Stored data:

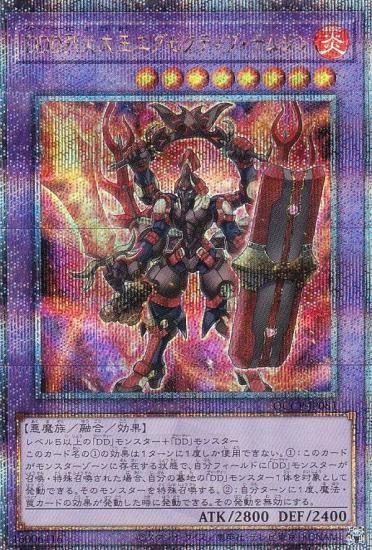 ڥץ쥤ѡͷ QCCP-JP081 ģģ粦ƥ֡ƥॸ (ܸ 25th ꡼åȥ쥢)  sidePRIDE š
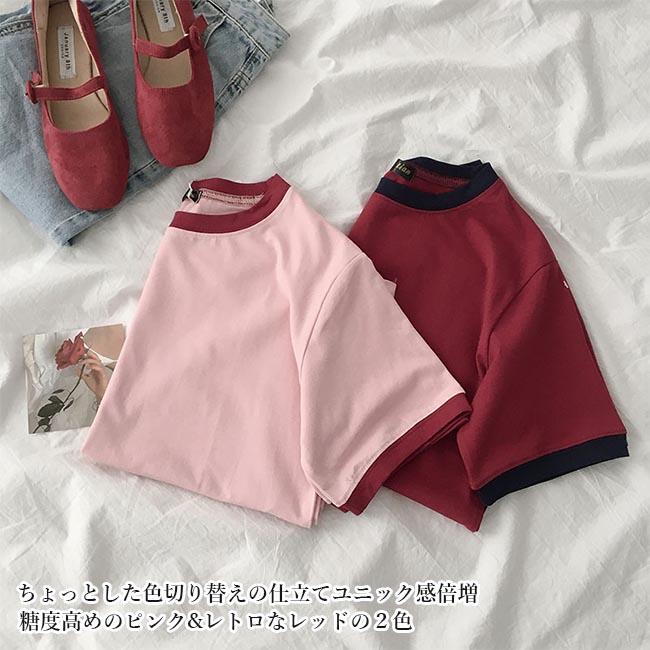 Tシャツ 半袖 レディース 夏tシャツ サマーtシャツ 半袖 無地tシャツ 赤 カットソー ピンク クルーネック トップス 夏 カジュアル Bjt6237 Tokyo Soreiyu 通販 Yahoo ショッピング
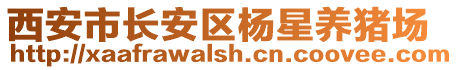 西安市長(zhǎng)安區(qū)楊星養(yǎng)豬場(chǎng)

Exercise instructions: Omit the pictures and write out exactly the lines from the one containing "Tシャツ 半袖 レディース" through the last line of the material.

Response for this exercise:
 Tシャツ 半袖 レディース 夏tシャツ サマーtシャツ 半袖 無地tシャツ 赤 カットソー ピンク クルーネック トップス 夏 カジュアル Bjt6237 Tokyo Soreiyu 通販 Yahoo ショッピング
 西安市長(zhǎng)安區(qū)楊星養(yǎng)豬場(chǎng)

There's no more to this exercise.